Time Off Is a Stress Test for Creative Teams

Designing Creative Teams That Don’t Collapse When One Person Leaves

Every creative team has one: the go-to person. The creative unicorn. The one who keeps the shit from hitting the fan.

They’re the problem solver, the unofficial hub holding all the context. And more often than not, they’re carrying more than their job title suggests.

So what happens if that person needs to step away?

Parental leave. Medical leave. A sabbatical. Even just a real vacation without answering their Slack.

Too often, their absence can quickly expose gaps in documentation, decision-making, and team confidence, especially if no one planned for it. The instinct is often to redistribute their workload. But shifting the burden to the rest of the team is a fast track to burnout.

The better question isn’t how to cover for one person. It’s how to build a creative team that can absorb change without breaking.

That’s where proactive planning comes in.

This is especially top of mind for marketing and creative leaders right now. Budgets are tighter. Timelines are shorter. AI is everywhere. And there’s growing pressure to do more with smaller teams without exhausting the people who make the work good in the first place.

When done well, leave isn’t a disruption. It’s a growth opportunity for emerging leaders, stronger processes, and a more resilient creative team.

Before the Go-To Steps Away: What to Put in Place

Documentation Is Not Optional

Documentation isn't glamorous. It doesn't win awards.

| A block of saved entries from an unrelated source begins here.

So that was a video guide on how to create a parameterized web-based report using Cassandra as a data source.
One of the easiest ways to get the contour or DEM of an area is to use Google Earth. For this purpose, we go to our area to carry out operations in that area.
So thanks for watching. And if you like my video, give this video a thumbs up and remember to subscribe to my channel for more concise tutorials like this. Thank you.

But it’s the difference between a team that panics and one that keeps moving.

Style guides, templates, decision notes, workflows, and process playbooks should live in one shared, easily accessible place. It can be a CRM like HubSpot or Monday, Google Drive, a platform like Notion or Trello, or any other shared folder structure of your choice. 

The specific tool matters far less than the outcome: anyone on the team should be able to find what they need without tracking down a single person.

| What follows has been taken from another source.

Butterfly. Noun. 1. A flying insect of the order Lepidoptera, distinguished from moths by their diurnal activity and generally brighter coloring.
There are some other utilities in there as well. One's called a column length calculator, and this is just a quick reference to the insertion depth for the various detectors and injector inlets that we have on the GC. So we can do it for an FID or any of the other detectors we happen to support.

If your creative team hasn’t taken the time to do this yet, now is the moment. And yes, we know, this is often the first thing to get pushed aside when deadlines loom and the next deliverable needs to ship. 

Documentation doesn’t feel urgent in the moment. But when it’s consistently deprioritized, the cost shows up later, especially when a key team member steps away, planned or not.

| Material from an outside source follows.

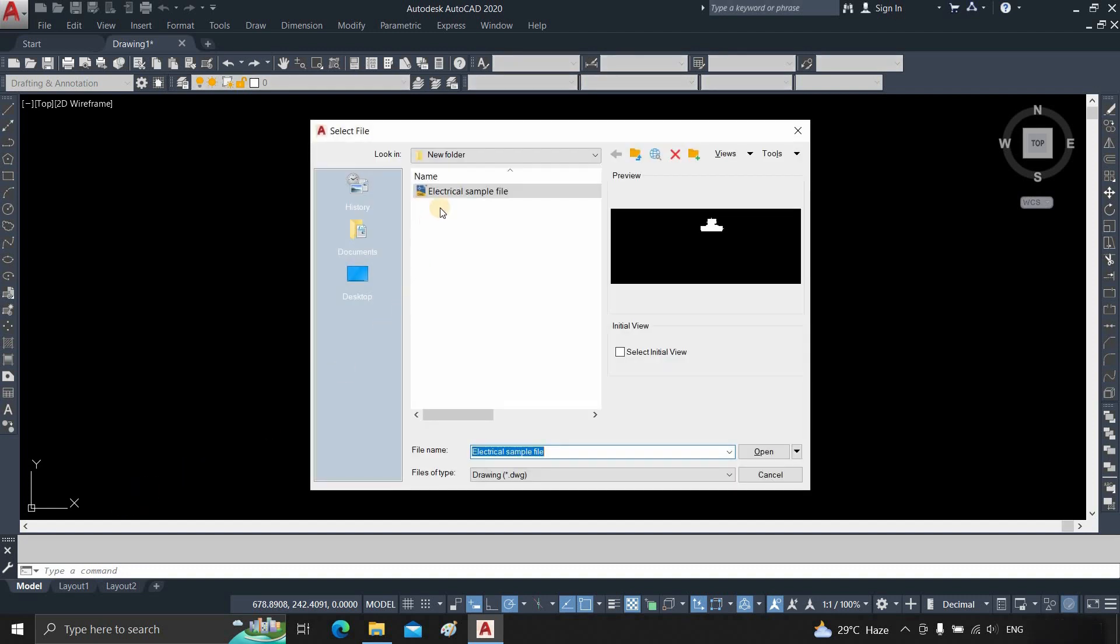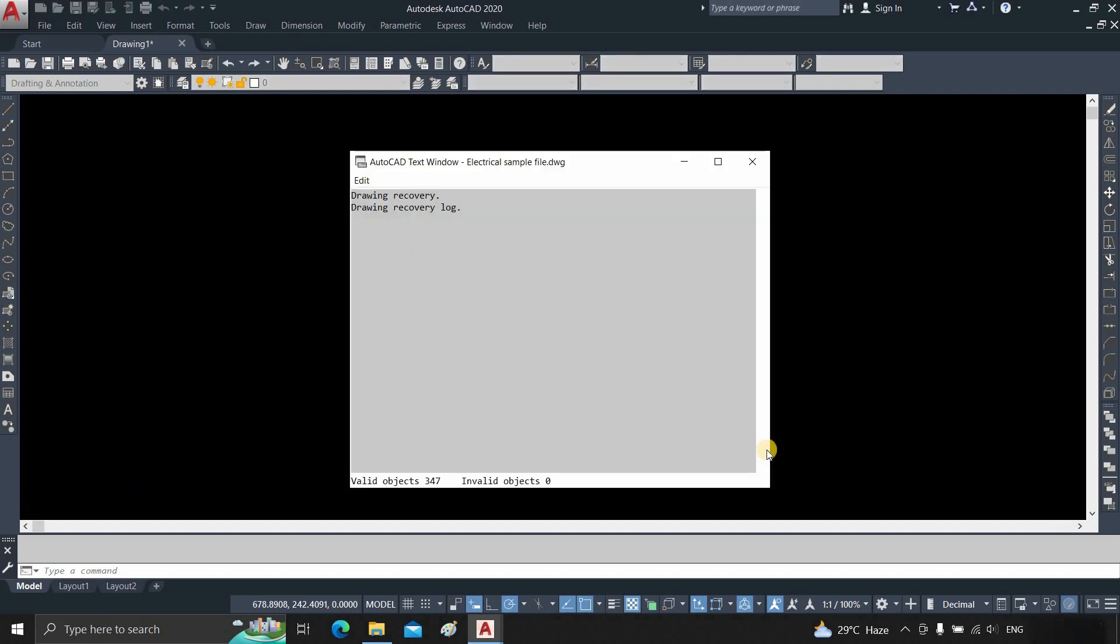Select the file you want to recover. Click Open. It will also initiate automatic recovery.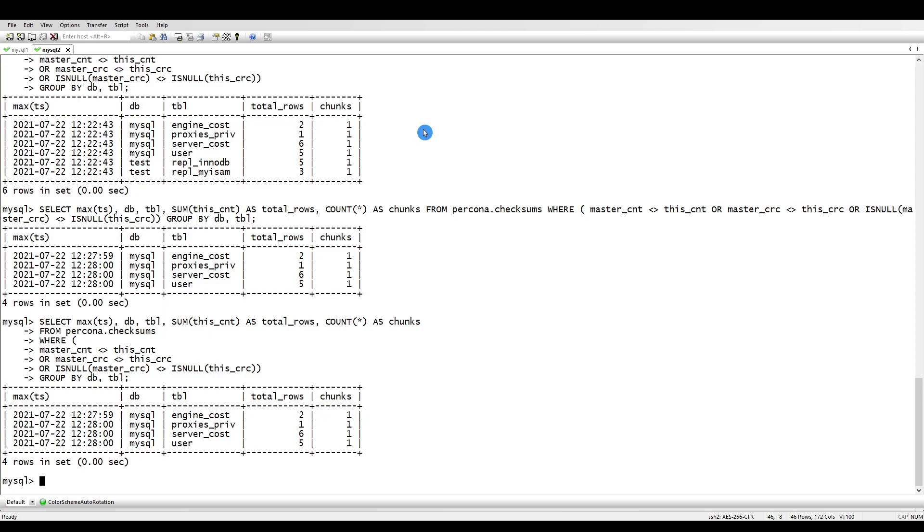So now if you see here, our replica is in sync. That is how you can check the consistency of your database and you can resync your database on the replica side with the master server.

Schedule a walkthrough. Host a working session. Walk the team through what exists, how it’s used, and why certain decisions were made. The goal isn’t perfect documentation — it’s shared understanding.

The Risk of “Only One Person Knows”

This is more than an operational issue.

Teams that relies on one or two people who “know everything” are fragile. When information, history, and decision-making live in a single head, everyone else is forced into reactive mode, waiting for instructions instead of contributing confidently.

Bottom line here: Rockstar employees are an asset. Gatekeepers are a risk.

A healthy creative team shares context early and often. That means sharing regular moments where people explain not just what they’re doing, but why. It means making priorities, standards, and tradeoffs visible so others can step in thoughtfully when someone is out, not blindly or hesitantly.

This isn’t about mistrust or control. It’s about autonomy. When the team understands the bigger picture, they’re empowered to make decisions instead of escalating everything upward or freezing until the go-to returns.

What It Looks Like When PTO Actually Works

Imagine: Your lead designer takes two weeks of PTO.

Because the team has shared style guides, documented workflows, and notes on past decisions, a mid-level designer can confidently handle a last-minute request. They reference the brand system, review prior examples, and flag one open question in Slack instead of escalating the entire project.

In a team check-in, someone says, “She usually prioritizes consistency over experimentation for this client, so let’s stick to the core system.”

The work moves forward.

No panic. No late nights. No waiting for someone who’s supposed to be offline.

That’s what shared context buys you.

And systems only work if people know what’s coming. Once the groundwork is laid, here comes the next step: alerting and preparing the team before someone steps away.

How to Prep the Team Before a Key Performer Takes Leave

Not every absence is planned. Emergencies happen. But when leave is planned, the worst thing a leader or key performer can do is spring it on the team at the last minute. 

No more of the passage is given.